TASK TO CARRY OUT:
Below are the records; give again exactly the line with "at camera. Fotosearch", the line with "May include: A", and each line that lies between them, and nothing besides.

EXTRACTED INFORMATION:

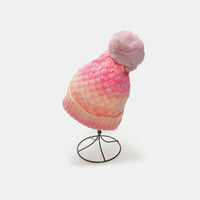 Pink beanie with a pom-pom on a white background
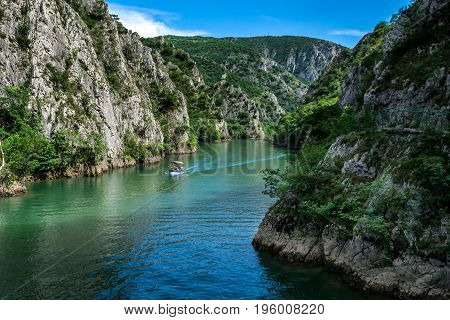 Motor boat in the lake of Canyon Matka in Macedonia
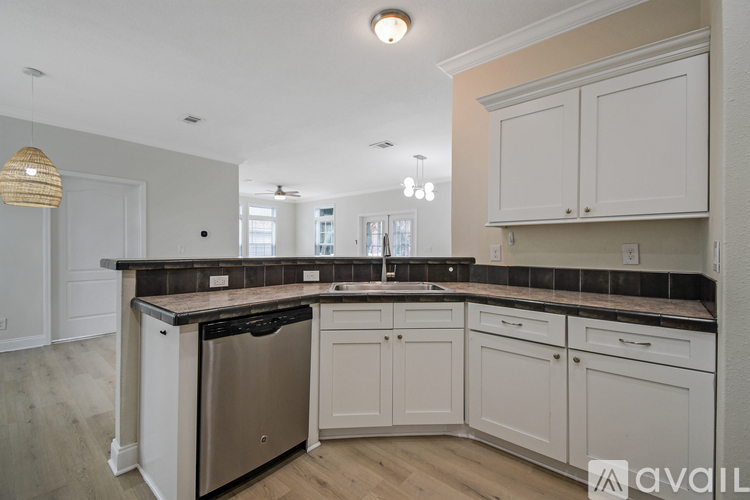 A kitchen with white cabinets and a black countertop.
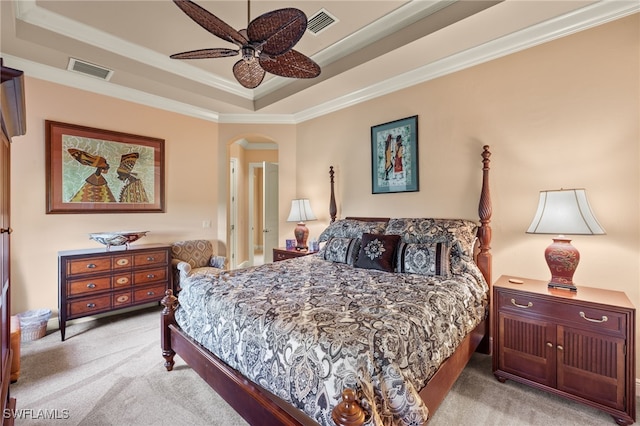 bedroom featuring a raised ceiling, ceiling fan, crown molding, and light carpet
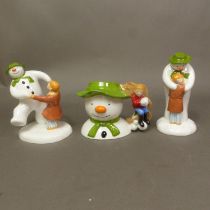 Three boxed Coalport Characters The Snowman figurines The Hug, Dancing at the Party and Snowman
...
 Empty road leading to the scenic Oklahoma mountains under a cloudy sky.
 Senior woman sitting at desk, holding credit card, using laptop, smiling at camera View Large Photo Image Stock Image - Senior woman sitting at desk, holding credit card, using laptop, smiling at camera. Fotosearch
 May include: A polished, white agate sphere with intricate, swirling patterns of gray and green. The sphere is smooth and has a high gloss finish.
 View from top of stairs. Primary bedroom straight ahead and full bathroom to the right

RESPONSE FOR THIS EXERCISE:
 Senior woman sitting at desk, holding credit card, using laptop, smiling at camera View Large Photo Image Stock Image - Senior woman sitting at desk, holding credit card, using laptop, smiling at camera. Fotosearch
 May include: A polished, white agate sphere with intricate, swirling patterns of gray and green. The sphere is smooth and has a high gloss finish.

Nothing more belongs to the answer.